Building an innovative and successful company requires the cooperation of a number of people and entities. These include research organisations, educational institutions, investors, banks, capable employees, law and finance consultants, and supportive government policies and tax structures!
1. The economic slowdown will make innovation more important
Apart from innovating to compete on a global scale, India also has a large domestic market to cater to. “Nationwide, innovations will be focused towards developing technology that will help in making products and services affordable and distributable to the masses at the bottom of the pyramid. Today, innovations like short message services and mobile telephony are being exploited to deliver simple solutions like market prices to millions of people across the nation in rural areas,” says Prakash Pai, president & head - Product Management Group, Nucleus Software.
The economic slowdown will not stall but will, in fact, spur innovation. “The economic meltdown, which we expect to be deep and protracted, will force companies to innovate, and do things better at a lesser cost,” explains Arjun Rao, CEO, ValueLabs. He adds that there are key considerations and opportunities before the business community—like environment-friendly/green growth, reducing dependence on fossil fuels, and so on. All of which call for an innovative approach.

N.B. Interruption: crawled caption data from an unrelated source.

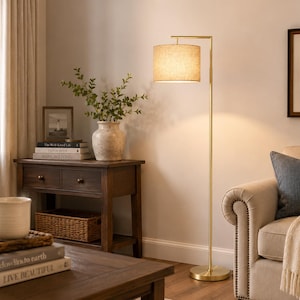 May include: A tall floor lamp with a slender, brushed gold metal stand and a circular base. The lamp features a cylindrical, textured beige fabric drum shade that emits a warm, soft glow, illuminating the surrounding space with a focused light.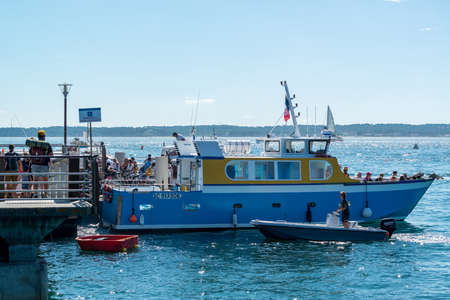 Tourists embark at Cap Ferret to cross the Arcachon Bay to Arcachon or for a cruiseのeditorial素材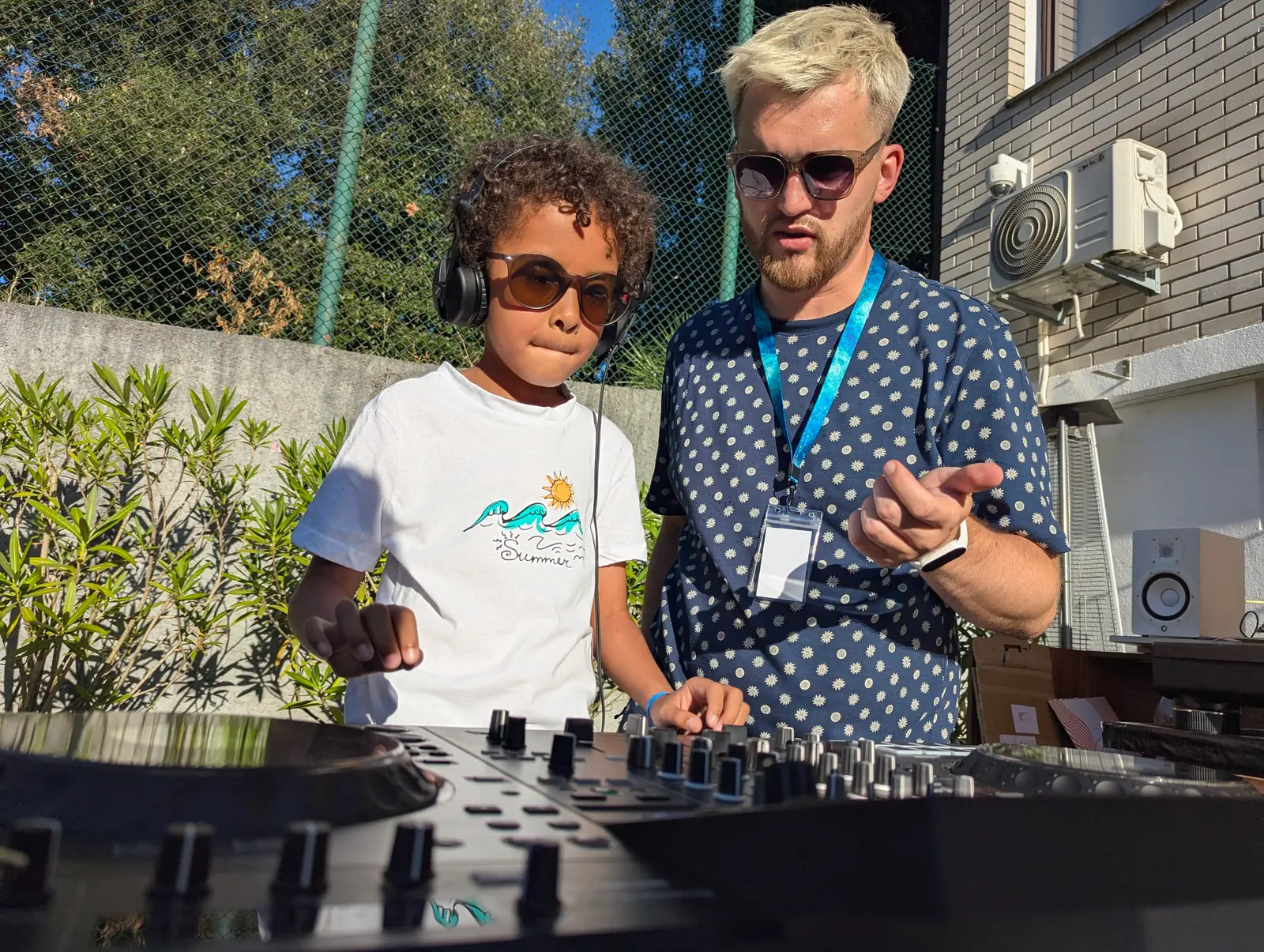 A young student learning to DJ next to an instructor at Stereo Paradise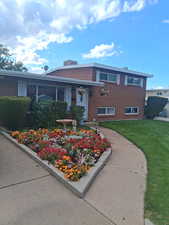 Split level home with brick siding and a front lawn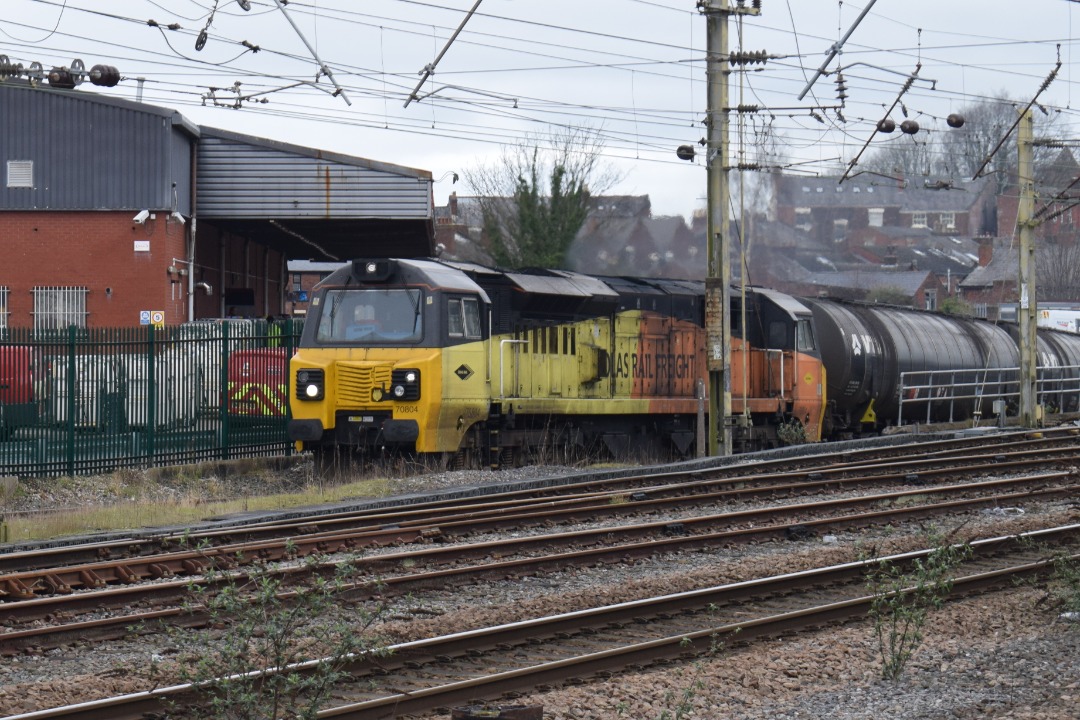 Hardley Distant on Train Siding: CURRENT: 70804 (Both Photos) works up the incline and onto the West Coast Main Line adjacent to Preston Station today working
the 6E44...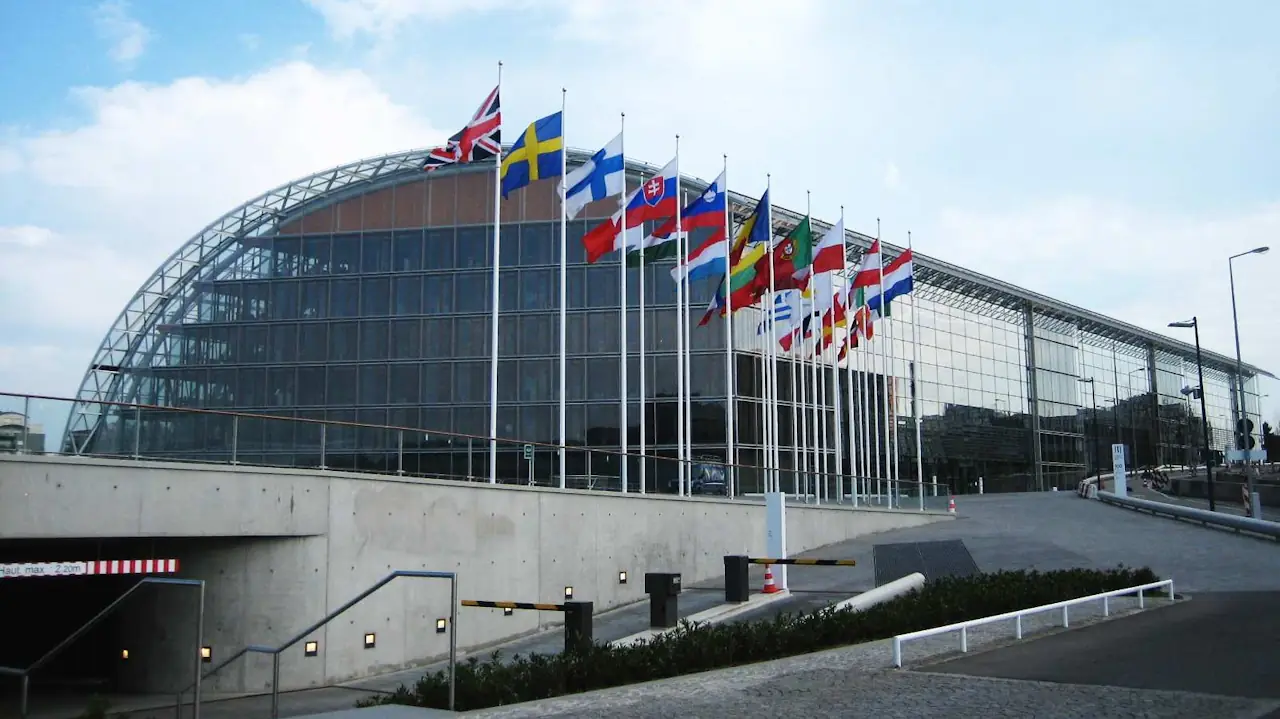 Glass-fronted European Investment Bank headquarters in Luxembourg, with flags of EU member states outside.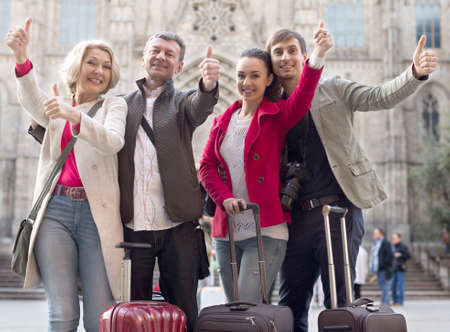 group of tourists of different generations thumb up and smilingの写真素材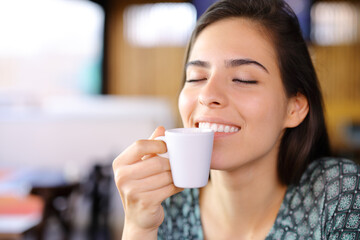 Happy woman smelling coffee in a restaurant nterior - 785030400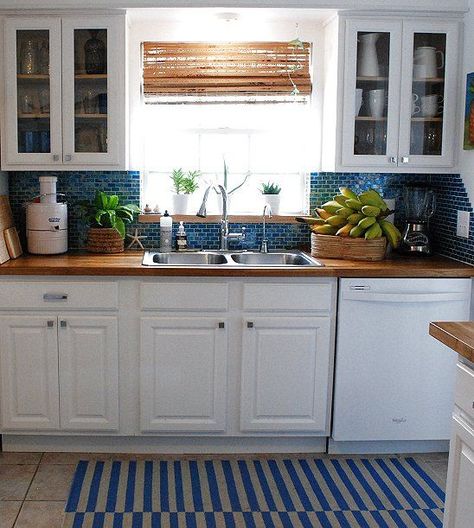 butcher block counter tops in blue and white kitchen | white cabinets, blue backsplash, butcher block counters Kitchen Without Backsplash, Backsplash For White Cabinets, Glass Kitchen Cabinet Doors, Blue White Kitchens, Blue Backsplash, Butcher Blocks, Kitchen Backsplashes, Kitchen White, Top Kitchen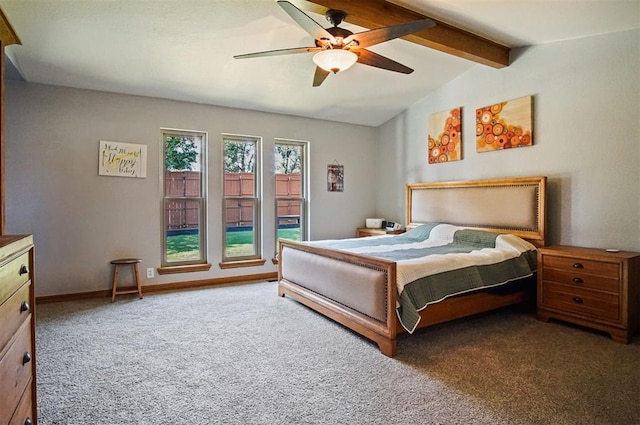 carpeted bedroom featuring lofted ceiling with beams and ceiling fan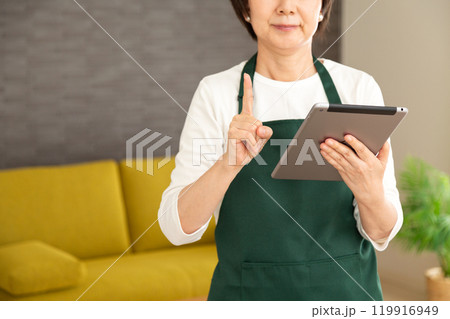家のリビングでタブレットを見て人差し指を立てる緑のエプロンをしたシニア女性の主婦・家政婦 家のリビングでタブレットを見て人差し指を立てる緑のエプロンをしたシニア女性の主婦・家政婦 119916949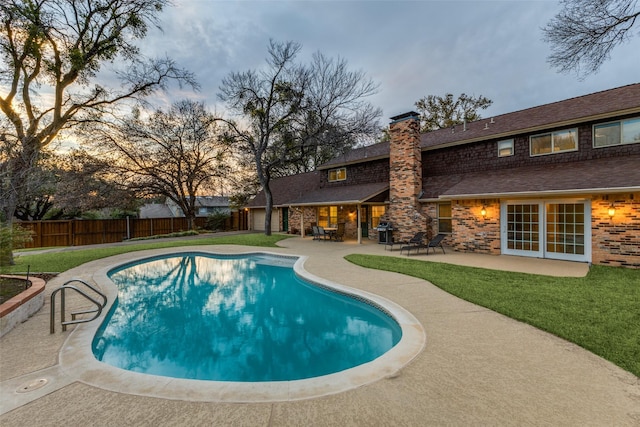 pool at dusk featuring a fenced in pool, a yard, a patio, grilling area, and a fenced backyard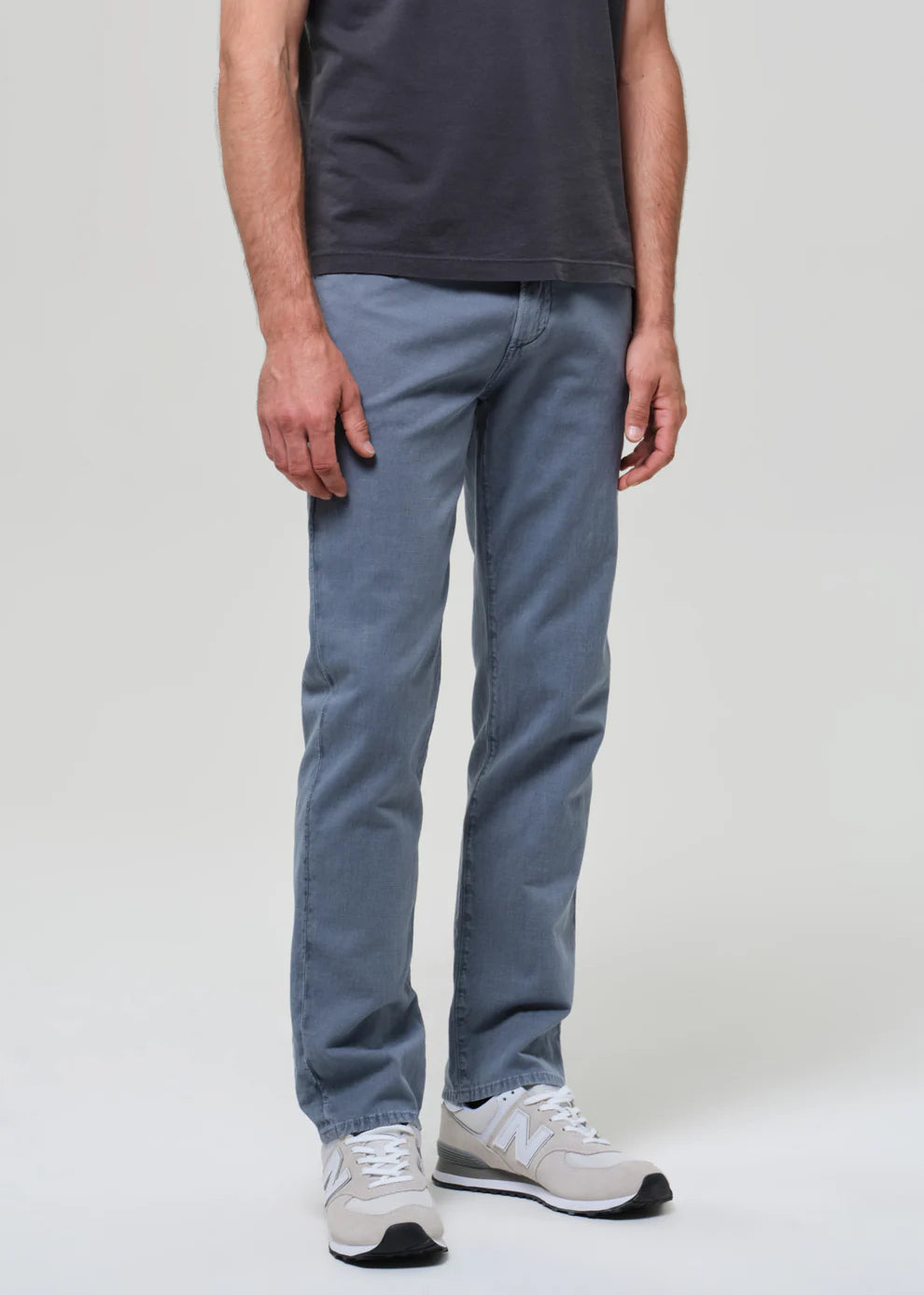Person wearing blue jeans and a dark shirt on a plain background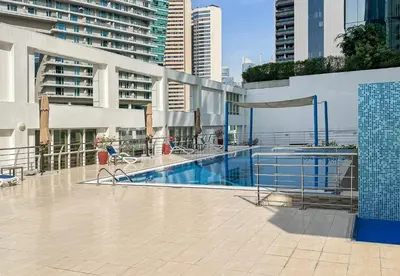 a swimming pool in the middle of a building at Park Central, Business Bay - Studio Apartment - Allsopp & Allsopp in Dubai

However, it will not be smooth sailing, especially since the financial crisis may make it tougher than ever before to get private equity funding for R&D projects with long gestation periods. But innovators will not stop working; they will simply refocus. Rao feels that rather than focusing on new products, the innovation initiatives taken by organisations will now be market-focused and will look at improving existing processes, delivery mechanisms, cost structures, etc.
Forecast: Nascent technologies wait to be tapped by innovators, but funds may be scarce due to the financial crisis. However, the economic slowdown will not stall innovation—it will make it a matter of survival. At the moment, organisations might concentrate on market-facing innovations rather than new technologies.